§ TASK STATEMENT
Restate word for word the lines below from the one that has "Ảnh 1. Tổng" through the one that has "Peugeot 206SW Kombi", keeping both and dropping all pictures.

START PROVIDED ENTRIES

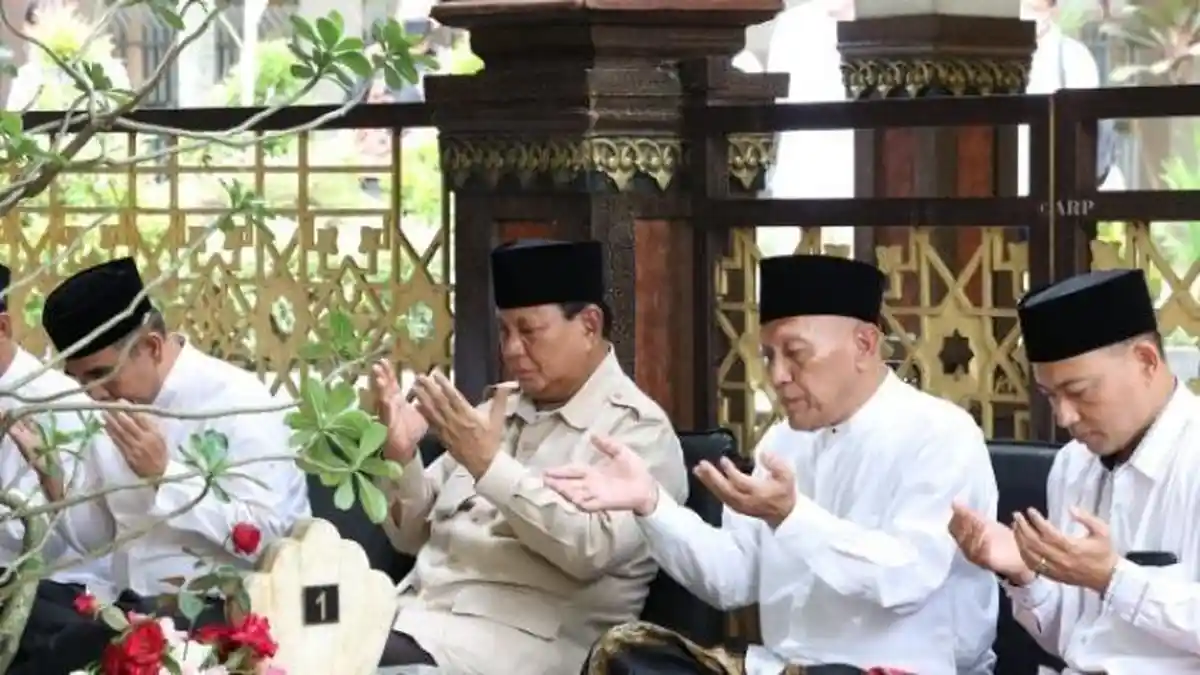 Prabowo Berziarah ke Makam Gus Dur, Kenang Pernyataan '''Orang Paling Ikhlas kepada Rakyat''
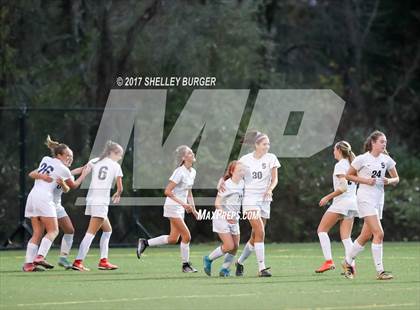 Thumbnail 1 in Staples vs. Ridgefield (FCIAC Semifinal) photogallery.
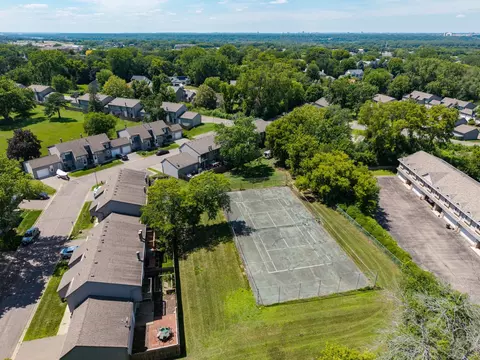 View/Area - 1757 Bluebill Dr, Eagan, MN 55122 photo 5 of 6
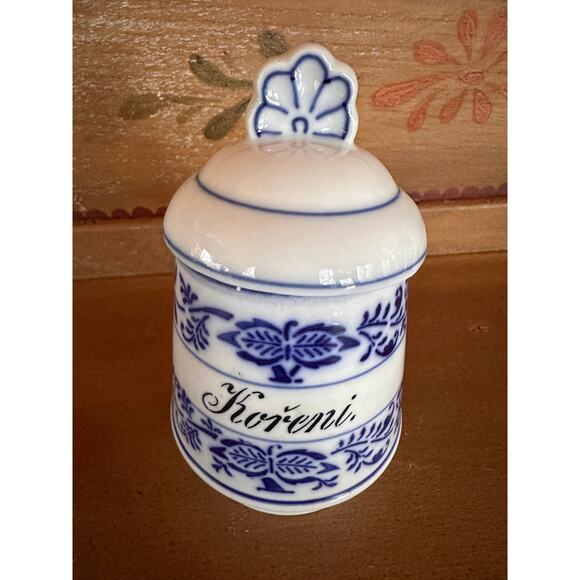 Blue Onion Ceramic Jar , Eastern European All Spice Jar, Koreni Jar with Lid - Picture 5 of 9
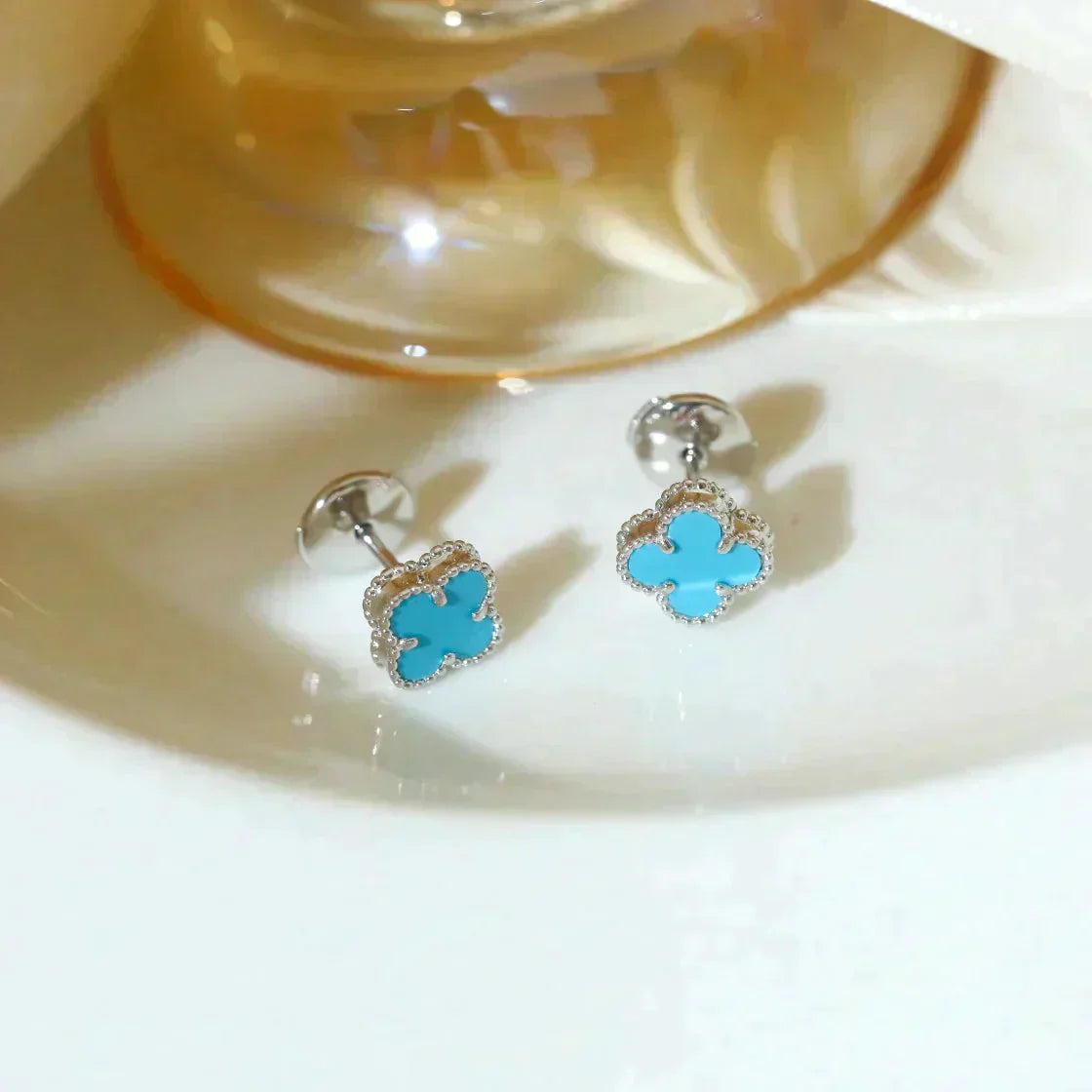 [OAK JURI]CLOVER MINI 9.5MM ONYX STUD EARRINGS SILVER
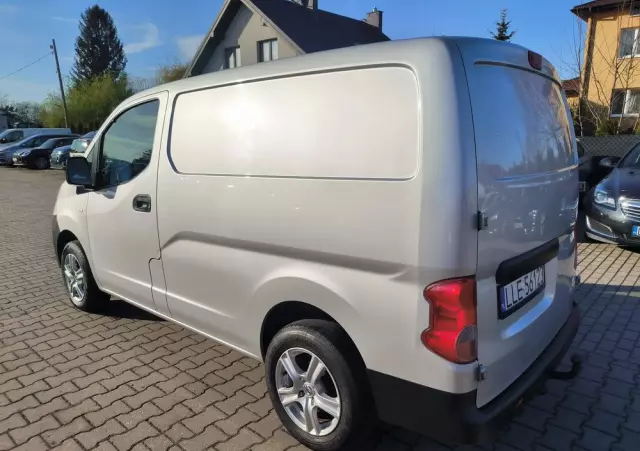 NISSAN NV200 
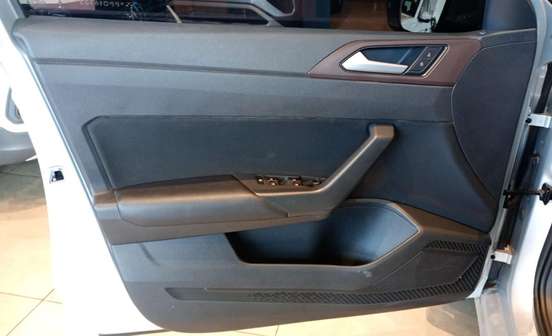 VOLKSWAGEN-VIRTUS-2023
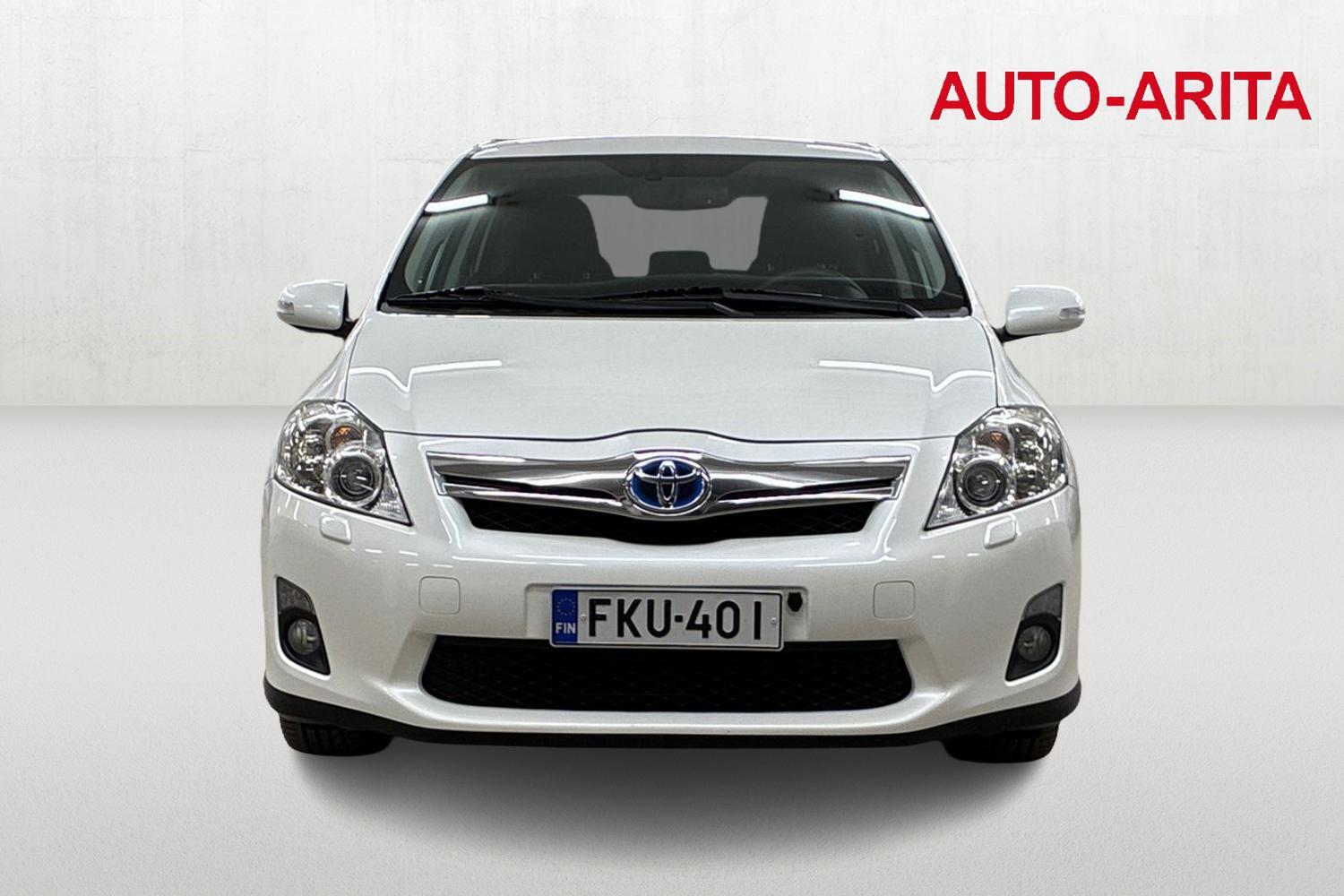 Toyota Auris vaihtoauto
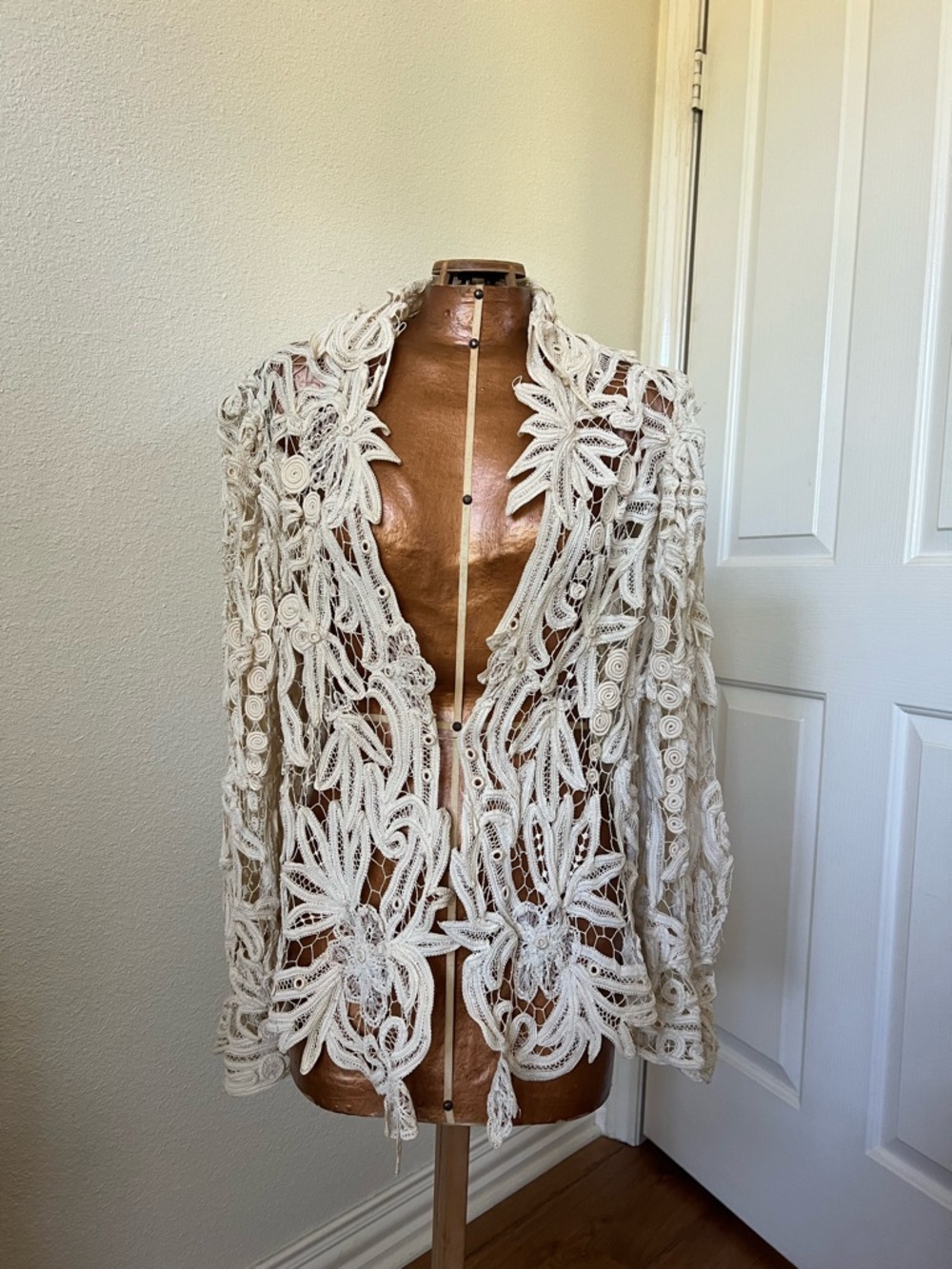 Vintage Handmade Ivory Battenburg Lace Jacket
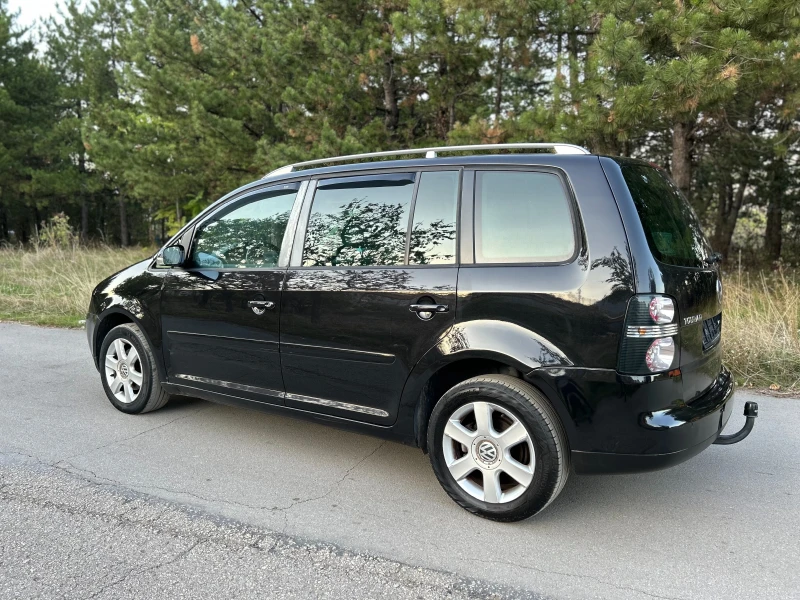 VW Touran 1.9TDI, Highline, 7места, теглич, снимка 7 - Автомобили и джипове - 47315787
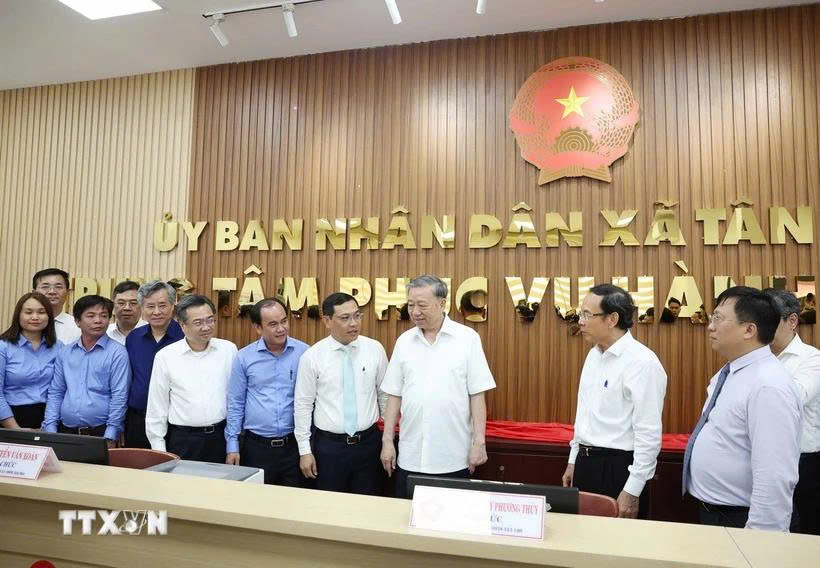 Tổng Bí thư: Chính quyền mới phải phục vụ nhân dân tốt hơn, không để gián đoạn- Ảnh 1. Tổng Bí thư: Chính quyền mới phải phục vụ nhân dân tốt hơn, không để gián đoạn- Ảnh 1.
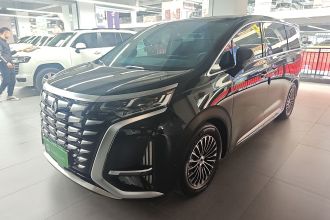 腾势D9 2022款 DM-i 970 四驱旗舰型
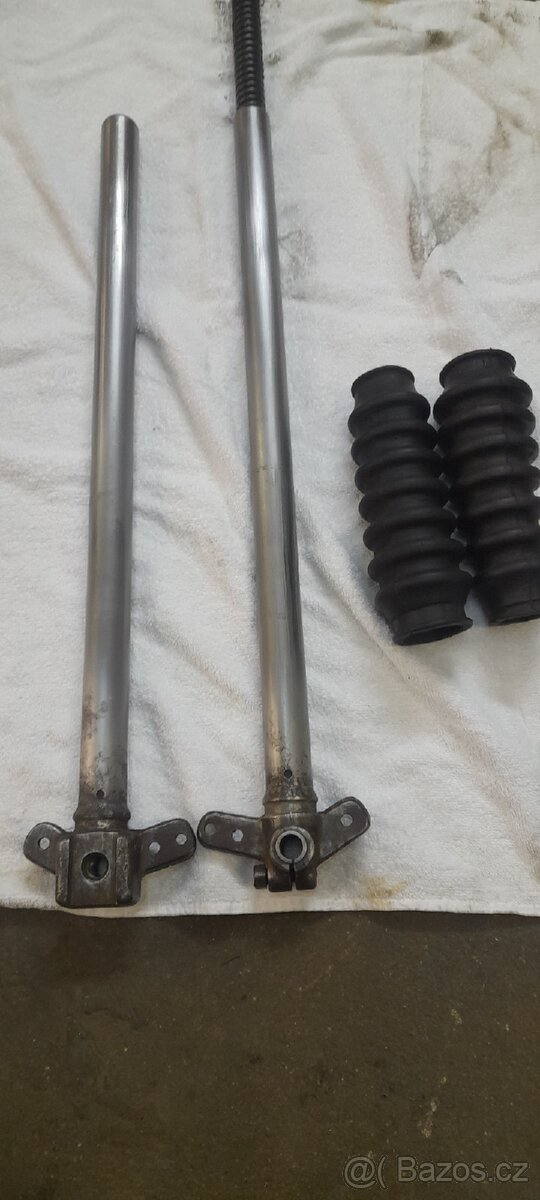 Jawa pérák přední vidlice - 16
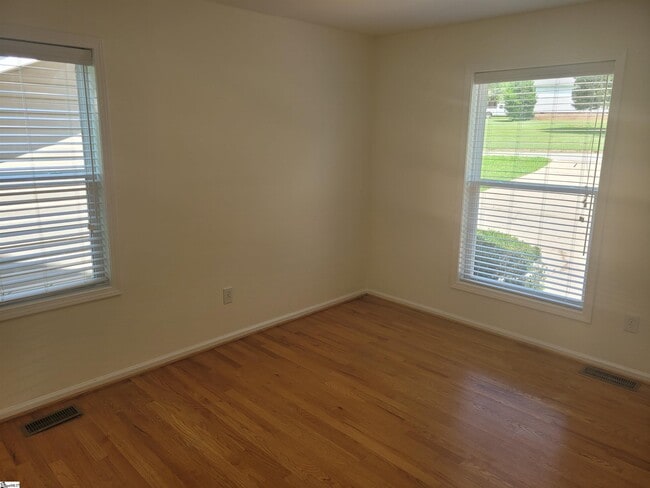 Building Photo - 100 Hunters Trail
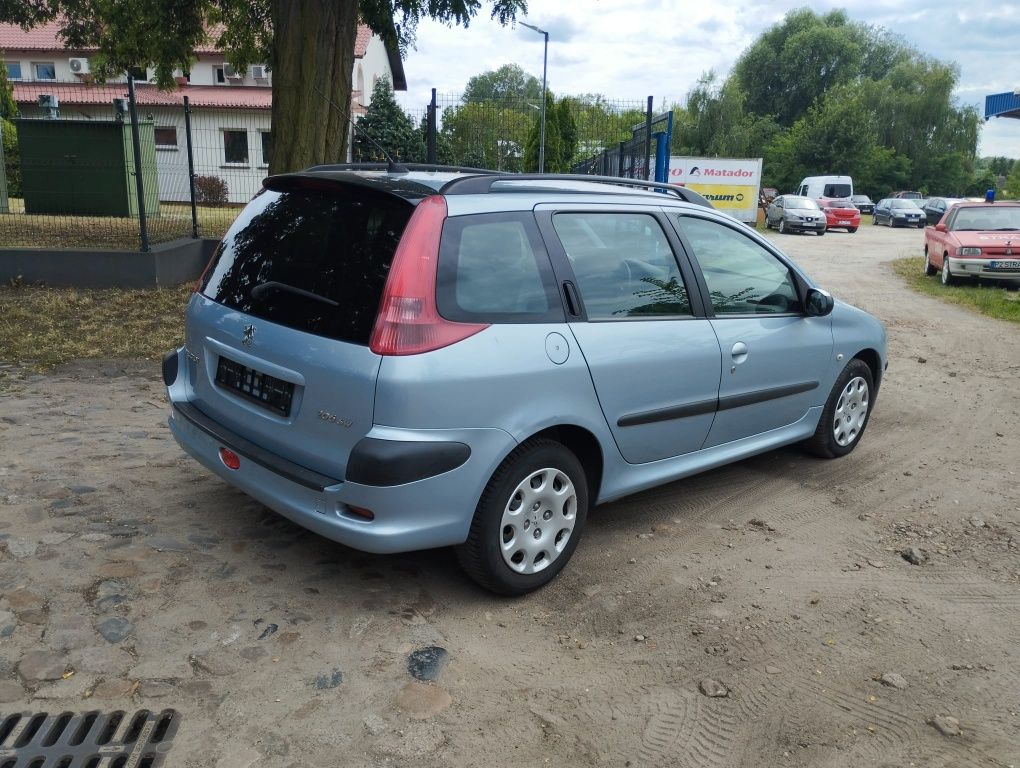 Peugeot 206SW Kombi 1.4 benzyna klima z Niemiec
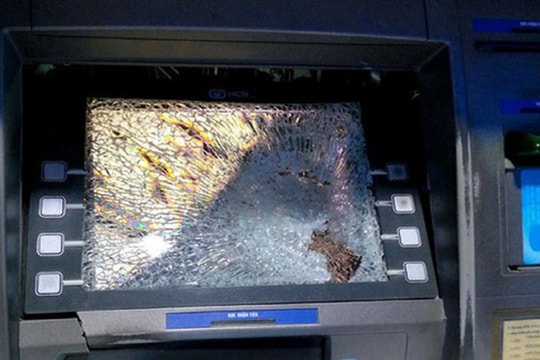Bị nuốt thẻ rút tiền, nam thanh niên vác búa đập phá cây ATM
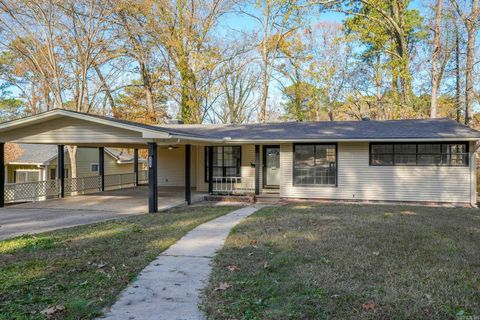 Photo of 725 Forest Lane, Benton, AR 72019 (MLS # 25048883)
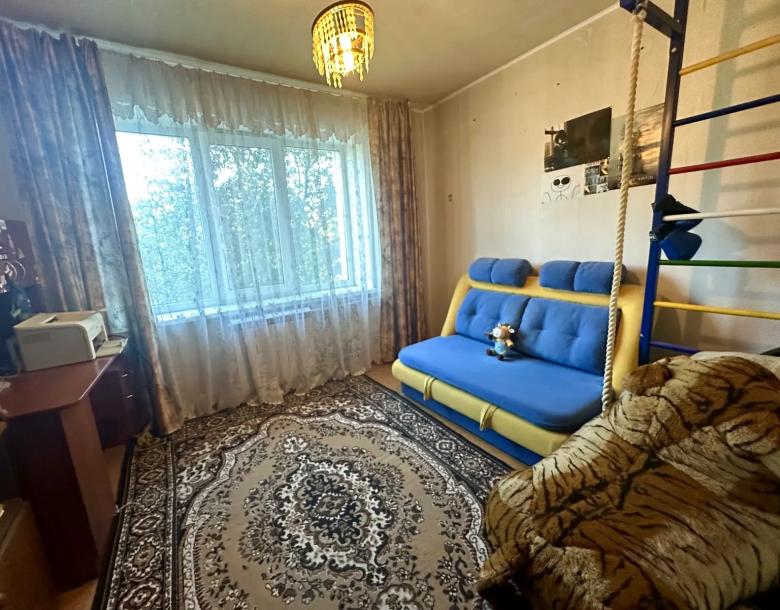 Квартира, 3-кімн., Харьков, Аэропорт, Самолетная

END PROVIDED ENTRIES

§ WRITTEN SOLUTION
 Tổng Bí thư: Chính quyền mới phải phục vụ nhân dân tốt hơn, không để gián đoạn- Ảnh 1. Tổng Bí thư: Chính quyền mới phải phục vụ nhân dân tốt hơn, không để gián đoạn- Ảnh 1.
 腾势D9 2022款 DM-i 970 四驱旗舰型
 Jawa pérák přední vidlice - 16
 Building Photo - 100 Hunters Trail
 Peugeot 206SW Kombi 1.4 benzyna klima z Niemiec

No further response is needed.